Ampere recently announced the availability of its first ARM-based server processor dubbed eMAG. The new chips use 16 or 32 custom CPU cores built upon the X-Gene 3 (once pioneered by Applied Micro) compatible with the 64-bit ARMv8-A instruction set. Ampere, in partnership with Lenovo (and several smaller unspecified ODMs), has started shipping eMAG to its customers and partners. Current eMAG processors are based on TSMC 16nm FinFET+ and Ampere plans to move future eMAG processors to TSMC’s 7nm node while adding support for multi-socket servers as soon as next year.
Ampere’s eMAG processors are designed for the datacenter with big data computing workloads in mind that benefit from large amounts of memory and cores including big data analytics, web serving, and in-memory databases. The new ARM server CPU entrant is designed to compete with the likes of Intel’s Xeon and AMD’s EPYC X86-64 processors as well as other ARM-based offerings from Cavium and Qualcomm. Early reports suggest that eMAG is no slouch in performance, but where it really excels is in price to performance, performance per core per dollar, and total cost of ownership metrics.

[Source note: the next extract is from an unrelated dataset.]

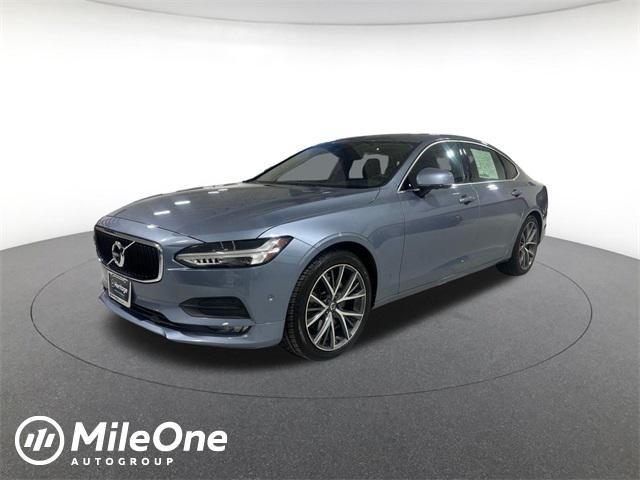 used 2018 Volvo S90 car, priced at $12,200
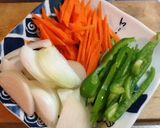 白身魚のあんかけ ★給食の味★作り方7写真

Today’s eMAG processors feature either 16 or 32 custom ARM cores clocked at 3.0 GHz base and up to 3.3 GHz turbo with 32KB I-cache, 32KB D-cache (L1) per core, 256KB L2 cache which is shared between two paired cores, and a global shared 32MB L3 cache. There are eight DDR4 memory controllers (up to 1TB DDR4-2667 using 16 DIMMs for up to 170.7 GB/s memory bandwidth) as well as 42 lanes of PCI-E 3.0 I/O. The CPU cores, cache, and controllers are connected using a switch that is part of a coherent fabric. Additional I/O support includes four SATA 3 and two USB 2.0 along with 10GbE. The eMAG processors have a 125W TDP.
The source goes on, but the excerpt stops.